So this is what it comes to: you, the mirror, and the slow-motion shipwreck of your own face disappearing under a forest of hair that screams “I HAVE GIVEN UP” in fourteen different dialects. Robinson Crusoe, sure, if Crusoe had Netflix, bottomless carbs, and a growing suspicion that Friday was never coming because there was no Friday anymore, just an endless Tuesday that tasted like despair.

The beard wasn’t a choice, not really. It was surrender with a capital S, man. It was waking up one morning in month three, or was it seven?, and realizing the razor had become some artifact from a civilization you used to belong to, like ties or punctuality or giving a shit about what your jawline looked like. The beard grew because everything else stopped. Time. Ambition. The illusion that any of this mattered.

The thing nobody tells you about isolation is how it turns you feral and boring simultaneously. You’re Crusoe without the survival skills, the Protestant work ethic, or the eventual rescue. Just you and your increasingly questionable facial hair, contemplating the dreary beach of your own face, that “immutable low horizon” of days bleeding into each other, and thinking: at least the beard is epic, even if everything else has gone to hell.

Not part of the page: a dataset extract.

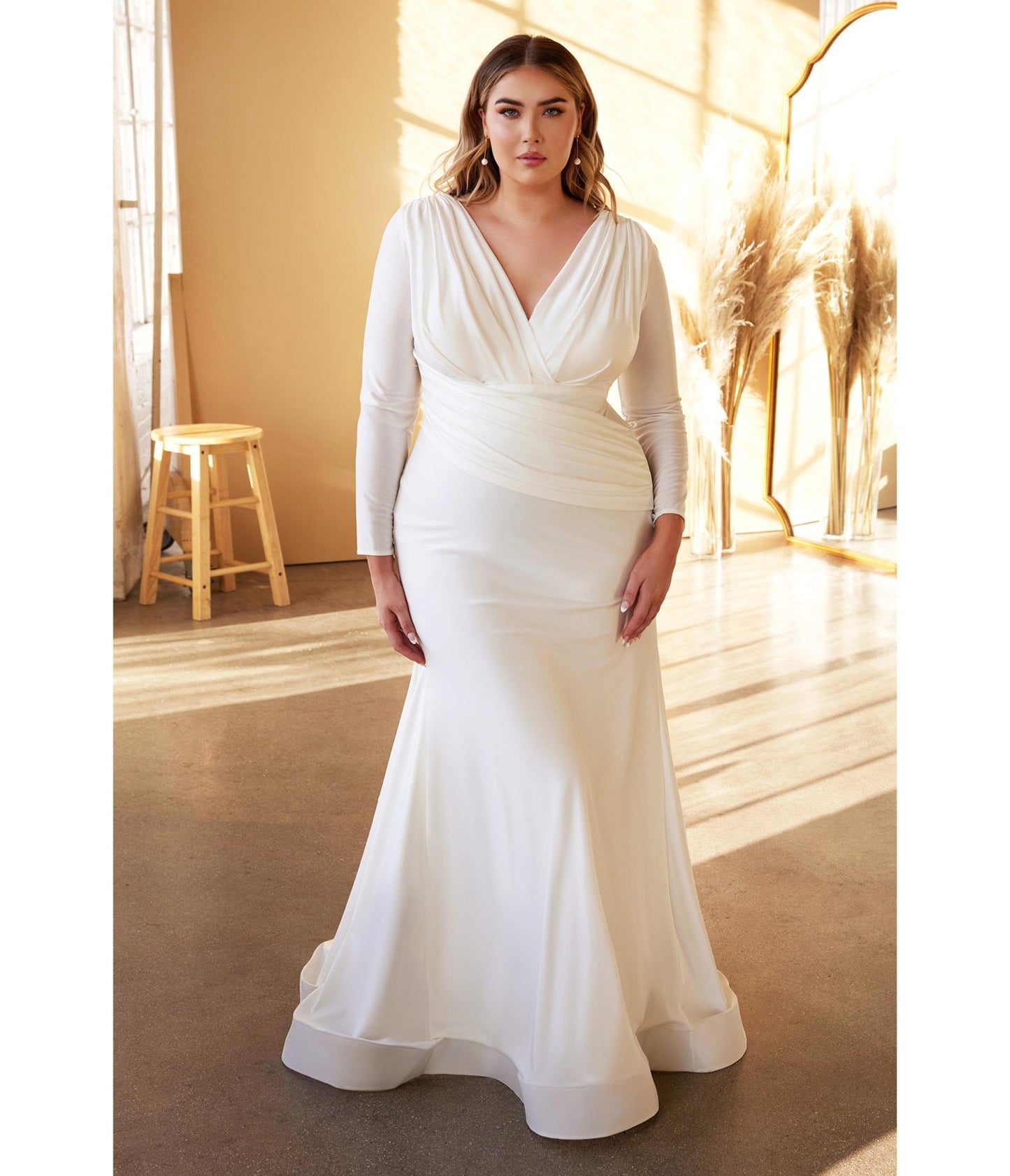 Plus Size White Mermaid Bridal Gown - Unique Vintage - Womens, DRESSES, BRIDAL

Jamie Lyons, Santa Cruz, Marcel Proust, Dreary Beaches, grown almost ugly

When she was like this, when no smile filled her eyes or opened up her face, I cannot describe the devastating monotony that stamped her melancholy eyes and sullen features.  Her face, grown almost ugly, reminded me then of those dreary beaches where the sea, ebbing far out, wearies one with its faint shimmering, everywhere the same, encircled by an immutable low horizon.